Popular but not always enforceable

Non-compete clauses are very common in employment agreements, along with non-solicitation clauses, but they’re more often negotiated for higher-up positions, says Achkar.

“Almost always, these two clauses are included alongside things like restrictive covenants and intellectual property protections, and all sorts of ‘legal jargon’ that gets entered into agreements.”

But often these agreements are challenged, especially with executive positions, he says.

“A lot of businesses and companies have concerns when their top sales guy, for example, sets up shop down the street, and starts selling the same product or service.”

An earlier B.C. decision provided some clarity as to what’s allowed with such agreements, wrote Stuart Rudner of Rudner Law.

However, the courts usually will not uphold these clauses, particularly when they're not really warranted, like in a lower-level position, says Page.

It’s about the “deterrent effect,” she says, as employees are often concerned about the non-compete clause in their contract if they want to go work for a competitor.

“They're really freaked out… [even though] in most cases, nothing's going happen to them. But they think it's real, and why wouldn't they?”

The non-compete clauses are often seen as a restraint of trade, and usually there’s no justification for that, says Page.

“The courts are going to look for them to be very narrowly drafted, but also very necessary. The employer needs to be actually protecting something. And, usually, they aren't,” she says.

“The court just won't uphold it when it just doesn't make sense, if it’s unreasonably restraining people from working.”

Many non-compete, non-solicitation and confidentiality agreements aren't enforceable, says Laura Williams, founder and principal of Williams HR Law.

But these clauses can be enforceable if they are drafted properly and not overly broad and restrict people from working, says Achkar.

“Some of the issues that would make a non-competition [clause] non-enforceable is if it is too long in duration after the end of the employment with a previous employer. Or, for example, it’s too broad in scope [and would] prevent someone from working in all of Canada... Many judges have ruled previously that these are too restricting and make them unenforceable.”

Going forward

Going forward, employers could avoid having a non-competition clause in their employment agreement while protecting themselves in other ways, such as intellectual property provisions, says Achkar.

“If you're in a rush to get employment agreements and you already have ones with non-competitions, then you can always add a new employment agreement midstream subject to conditions.

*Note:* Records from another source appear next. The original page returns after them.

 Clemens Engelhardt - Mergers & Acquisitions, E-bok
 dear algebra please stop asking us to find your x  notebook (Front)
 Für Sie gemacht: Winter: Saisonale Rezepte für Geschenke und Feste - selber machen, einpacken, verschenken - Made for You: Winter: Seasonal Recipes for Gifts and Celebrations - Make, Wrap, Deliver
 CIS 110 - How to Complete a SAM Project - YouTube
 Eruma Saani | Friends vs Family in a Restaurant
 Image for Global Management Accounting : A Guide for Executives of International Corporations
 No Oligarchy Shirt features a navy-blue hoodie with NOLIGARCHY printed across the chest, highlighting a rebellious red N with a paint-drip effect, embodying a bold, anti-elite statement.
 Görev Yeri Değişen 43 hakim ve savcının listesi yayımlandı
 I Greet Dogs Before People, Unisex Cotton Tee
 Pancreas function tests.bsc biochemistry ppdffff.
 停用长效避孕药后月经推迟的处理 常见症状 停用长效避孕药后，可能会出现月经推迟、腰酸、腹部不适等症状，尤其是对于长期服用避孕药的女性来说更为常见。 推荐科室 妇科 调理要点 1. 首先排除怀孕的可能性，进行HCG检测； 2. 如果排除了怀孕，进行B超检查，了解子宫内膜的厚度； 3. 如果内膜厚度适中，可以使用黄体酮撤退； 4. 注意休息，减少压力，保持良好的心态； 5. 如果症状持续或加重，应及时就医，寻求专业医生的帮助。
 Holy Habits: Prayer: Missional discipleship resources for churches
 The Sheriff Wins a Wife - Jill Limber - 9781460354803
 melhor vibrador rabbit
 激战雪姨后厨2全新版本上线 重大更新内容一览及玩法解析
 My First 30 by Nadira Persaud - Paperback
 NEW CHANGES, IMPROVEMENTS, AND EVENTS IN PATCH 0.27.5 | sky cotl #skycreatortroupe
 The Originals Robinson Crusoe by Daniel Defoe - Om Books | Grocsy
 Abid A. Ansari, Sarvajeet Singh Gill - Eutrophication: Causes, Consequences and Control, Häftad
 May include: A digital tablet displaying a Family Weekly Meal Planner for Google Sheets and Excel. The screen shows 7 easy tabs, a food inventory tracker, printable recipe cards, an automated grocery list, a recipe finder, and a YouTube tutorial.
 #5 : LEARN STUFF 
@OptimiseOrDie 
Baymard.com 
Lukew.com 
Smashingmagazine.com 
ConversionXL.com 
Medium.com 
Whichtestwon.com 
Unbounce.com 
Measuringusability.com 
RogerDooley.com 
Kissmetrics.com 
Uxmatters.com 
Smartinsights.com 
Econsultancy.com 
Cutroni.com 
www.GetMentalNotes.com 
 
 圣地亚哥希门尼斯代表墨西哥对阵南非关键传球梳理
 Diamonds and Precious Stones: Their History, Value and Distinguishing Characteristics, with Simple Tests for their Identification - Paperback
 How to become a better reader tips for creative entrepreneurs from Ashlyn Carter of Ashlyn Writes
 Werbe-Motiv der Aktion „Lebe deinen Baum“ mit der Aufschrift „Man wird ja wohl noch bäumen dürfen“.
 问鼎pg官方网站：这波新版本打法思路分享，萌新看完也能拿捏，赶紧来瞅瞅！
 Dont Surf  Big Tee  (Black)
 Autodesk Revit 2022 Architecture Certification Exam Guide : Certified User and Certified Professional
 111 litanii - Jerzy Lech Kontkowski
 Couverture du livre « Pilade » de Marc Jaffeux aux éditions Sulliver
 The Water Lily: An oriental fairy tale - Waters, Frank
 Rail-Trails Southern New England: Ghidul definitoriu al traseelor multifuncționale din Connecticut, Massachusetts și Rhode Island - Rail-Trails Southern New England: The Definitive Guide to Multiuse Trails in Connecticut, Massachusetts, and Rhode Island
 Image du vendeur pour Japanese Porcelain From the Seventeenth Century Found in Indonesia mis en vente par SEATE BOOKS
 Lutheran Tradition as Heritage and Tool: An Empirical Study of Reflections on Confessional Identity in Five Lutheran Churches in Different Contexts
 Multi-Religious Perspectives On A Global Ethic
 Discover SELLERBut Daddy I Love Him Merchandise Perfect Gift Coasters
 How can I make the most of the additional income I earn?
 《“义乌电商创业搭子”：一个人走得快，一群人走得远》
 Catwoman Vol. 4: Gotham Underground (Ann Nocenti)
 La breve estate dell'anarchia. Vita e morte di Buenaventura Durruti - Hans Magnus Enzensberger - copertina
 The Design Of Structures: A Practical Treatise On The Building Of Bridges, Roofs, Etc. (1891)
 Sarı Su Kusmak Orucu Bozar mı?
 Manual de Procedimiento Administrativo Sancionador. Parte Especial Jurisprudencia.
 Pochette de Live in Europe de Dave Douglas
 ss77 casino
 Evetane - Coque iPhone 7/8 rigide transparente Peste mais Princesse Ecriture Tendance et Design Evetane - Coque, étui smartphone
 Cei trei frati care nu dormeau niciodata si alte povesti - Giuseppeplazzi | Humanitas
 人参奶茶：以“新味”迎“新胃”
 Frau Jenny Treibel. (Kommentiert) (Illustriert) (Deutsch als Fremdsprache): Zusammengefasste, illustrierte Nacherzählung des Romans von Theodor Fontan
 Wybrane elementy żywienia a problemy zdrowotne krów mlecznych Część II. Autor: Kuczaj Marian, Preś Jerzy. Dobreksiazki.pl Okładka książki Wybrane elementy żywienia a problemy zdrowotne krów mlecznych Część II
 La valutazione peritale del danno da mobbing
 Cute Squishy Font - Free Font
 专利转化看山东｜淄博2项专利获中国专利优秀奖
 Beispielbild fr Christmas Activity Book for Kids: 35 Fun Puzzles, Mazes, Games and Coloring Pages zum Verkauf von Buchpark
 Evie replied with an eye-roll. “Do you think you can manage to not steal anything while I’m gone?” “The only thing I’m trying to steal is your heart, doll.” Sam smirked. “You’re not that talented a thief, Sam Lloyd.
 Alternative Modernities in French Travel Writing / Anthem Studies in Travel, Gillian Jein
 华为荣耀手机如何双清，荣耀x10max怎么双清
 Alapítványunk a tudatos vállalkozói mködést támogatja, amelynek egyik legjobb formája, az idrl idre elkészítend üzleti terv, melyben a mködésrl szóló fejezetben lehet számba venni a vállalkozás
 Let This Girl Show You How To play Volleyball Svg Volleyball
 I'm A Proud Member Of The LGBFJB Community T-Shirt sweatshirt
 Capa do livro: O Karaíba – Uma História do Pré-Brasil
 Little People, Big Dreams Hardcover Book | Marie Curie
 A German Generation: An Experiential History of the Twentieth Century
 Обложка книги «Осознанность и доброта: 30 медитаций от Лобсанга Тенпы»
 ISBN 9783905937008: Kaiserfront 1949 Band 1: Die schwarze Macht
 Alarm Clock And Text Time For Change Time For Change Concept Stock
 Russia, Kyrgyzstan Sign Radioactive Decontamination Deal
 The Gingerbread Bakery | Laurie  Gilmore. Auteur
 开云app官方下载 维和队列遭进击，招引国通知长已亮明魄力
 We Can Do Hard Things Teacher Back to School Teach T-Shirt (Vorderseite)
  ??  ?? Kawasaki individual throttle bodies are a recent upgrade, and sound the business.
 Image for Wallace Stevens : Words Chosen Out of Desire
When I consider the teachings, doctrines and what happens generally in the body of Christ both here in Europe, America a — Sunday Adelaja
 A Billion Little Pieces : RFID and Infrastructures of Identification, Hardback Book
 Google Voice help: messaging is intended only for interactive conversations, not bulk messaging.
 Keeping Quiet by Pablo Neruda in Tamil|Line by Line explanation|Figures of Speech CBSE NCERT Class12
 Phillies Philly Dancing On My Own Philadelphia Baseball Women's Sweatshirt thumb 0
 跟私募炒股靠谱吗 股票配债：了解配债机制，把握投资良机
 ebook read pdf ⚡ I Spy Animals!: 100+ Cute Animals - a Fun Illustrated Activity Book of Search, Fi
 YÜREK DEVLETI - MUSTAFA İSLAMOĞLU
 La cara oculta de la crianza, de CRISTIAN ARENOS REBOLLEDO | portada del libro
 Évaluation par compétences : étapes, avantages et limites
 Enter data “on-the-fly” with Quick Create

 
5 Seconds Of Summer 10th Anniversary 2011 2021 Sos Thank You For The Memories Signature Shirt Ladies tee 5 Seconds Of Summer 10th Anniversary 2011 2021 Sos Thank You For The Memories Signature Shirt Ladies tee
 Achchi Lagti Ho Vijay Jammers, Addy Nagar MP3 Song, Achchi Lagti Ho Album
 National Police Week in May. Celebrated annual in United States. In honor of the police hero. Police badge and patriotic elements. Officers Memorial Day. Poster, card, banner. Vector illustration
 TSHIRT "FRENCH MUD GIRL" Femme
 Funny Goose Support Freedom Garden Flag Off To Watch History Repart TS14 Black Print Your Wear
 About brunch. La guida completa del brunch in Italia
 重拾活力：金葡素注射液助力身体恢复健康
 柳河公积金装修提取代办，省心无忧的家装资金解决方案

And that's what a lot of employers will have to do.”

Most importantly, employers still can have non-solicit provisions, says Page.

“Those are usually more useful. And employees always have a duty of confidentiality to a former employer. So they can never use the employer’s confidential information against the employer, to work for a competitor. So those two protections, in most cases, I think, are really enough for employers. And those will remain.”

In a 2017 decision, the Ontario Superior Court of Justice (upheld on appeal) found two former employees and their new employer liable for breach of a non-solicitation agreement that the employees had with their former employer.